Among the many Indian companies that have made a mark with their overseas acquisitions is Hindalco Industries, the flagship company of the Aditya Birla Group conglomerate. Although often overshadowed by the achievements of and the attention to its peer Tata Group, Hindalco has quietly completed a transformational acquisition that has catapulted the group on to the global stage.
In the capital markets, too, Hindalco has been quietly managing its funding requirements without much ado, although market conditions have been no less daunting at every step. In late June it completed an amendment to the US$1bn five-year term loan it had signed in November 2008. The amendment was completed in a market that has been tumultuous for loan markets, particularly for foreign lenders operating in Asia. The troubles and stresses these banks are undergoing in their home markets has put a heavy price on capital and a preference for lenders to use their balance sheet selectively for core clients.
That it was able to obtain 100% consent from its lenders – although it needed only a two-thirds majority – is testimony to the group’s pull and its ability to keep lenders on its side. All the 11 lenders are foreign banks.
Hindalco only paid a 50bp consent fee to lenders in return for a relaxation of its covenants relating to the gross debt-to-Ebitda ratio, which were set at 3.85 times. Under the step-down structure, Hindalco’s gross debt-to-Ebitda ratio should not exceed five times in the next 12–18 months. Hindalco is hoping to bring it down to 3.85 times during that timeframe.
It is worth noting that Hindalco managed to sign the US$1bn loan in early November 2008 – just a few weeks after Lehman Brothers collapsed in mid-September that year.
That loan was first talked about in mid-June 2008 when Hindalco considered its various funding options to refinance the US$3.1bn 18-month bridge loan signed in August 2007 that had funded its US$6bn acquisition of Canada’s Novelis.
Simultaneously, Hindalco looked at options such as a global bond as well as a rights issue with differential voting shares (DVS). However, conditions in global bond markets were not conducive enough and offshore bond markets are not cost-effective for most Indian borrowers because withholding tax costs are quite prohibitive.

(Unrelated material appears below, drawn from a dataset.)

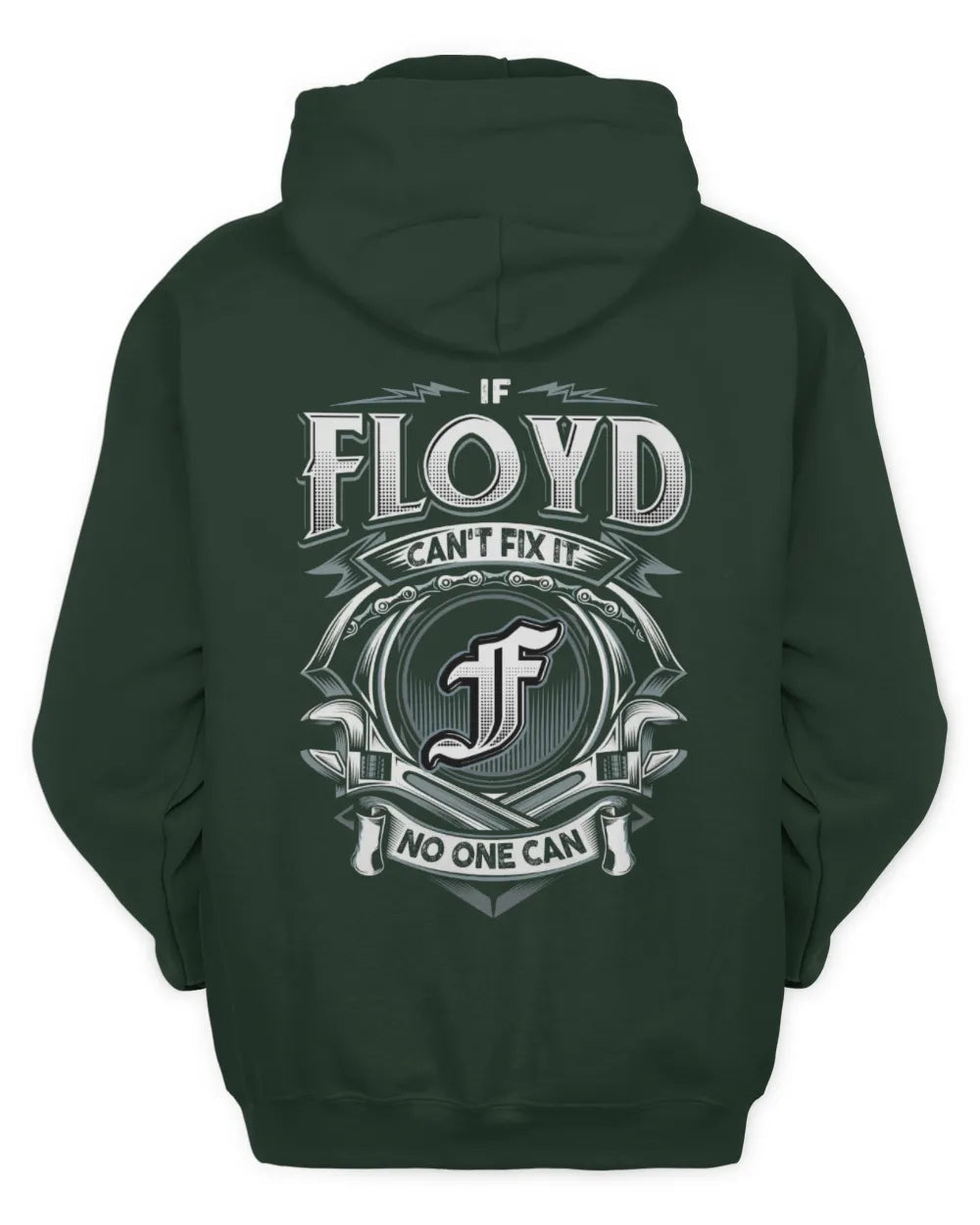 FLOYD AP81-K4-626 - Personalized Ahmed Quote Apparel “If Ahmed Can't Fix It, No One Can” - Unisex Hoodie - Forest Green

Hindalco also scrapped plans for the rights issue with DVS as the regulatory regime for such an offering in India was untested.
However, it maintained its plans to raise Rs50bn (US$1.04bn) through an ordinary rights issue, which opened on September 22 – the day commodity prices crashed in the global markets and a week after Lehman’s demise – and closed on October 10.
Unsurprisingly, the promoters took up about 40% of the rights offering. Fortunately, Hindalco’s deal was underwritten – the first in the Indian equity markets in over a decade – resulting in the five bookrunners taking up around 34% to bring the subscription levels up to the 90% level required to close the offer.
In the context of capital market activity elsewhere involving the other Indian acquirers such as the Tata Group, Hindalco’s exercises seem to have been quite smooth. For instance, Tata Motors raised a US$3.1bn bridge loan to fund its acquisition of Jaguar and Land Rover and subsequently tapped every conceivable avenue of financing to take out the bridge. (See Tata profile.)
Hindalco’s loan in November 2008 and the subsequent amendment have cost the borrower well under what Tata Motors had to pay on its takeout. Hindalco’s November 2008 loan paid an all-in of 315bp over Libor, while the amendment exercise resulted in a mere 50bp fee.
In comparison, Tata Motors’ US$1bn loan paid an all-in of 620bp over Libor. And the tenor on the latter’s loan is only 18 months (15 months average life) compared with the five-year tenor on Hindalco’s financing.
One advantage for Hindalco has been that it is not as prolific a borrower in the loan markets as Tata Group entities have been in the past few years. Its US$3.1bn in August 2007 sparked off its recent borrowings in offshore loan markets, where it has managed to maintain its following among foreign lenders.
Whether that remains the case in the future will depend on Hindalco’s ability to live up to its promises to lenders.
“Hindalco Industries has done a commendable job in raising long term financing for its Novellis acquisition through the economic downturn working from both the debt and equity markets with very high quality banks. Arguably these were the toughest economic conditions to raise money,” said Brijesh Mehra, country corporate and investment bank head for RBS in India.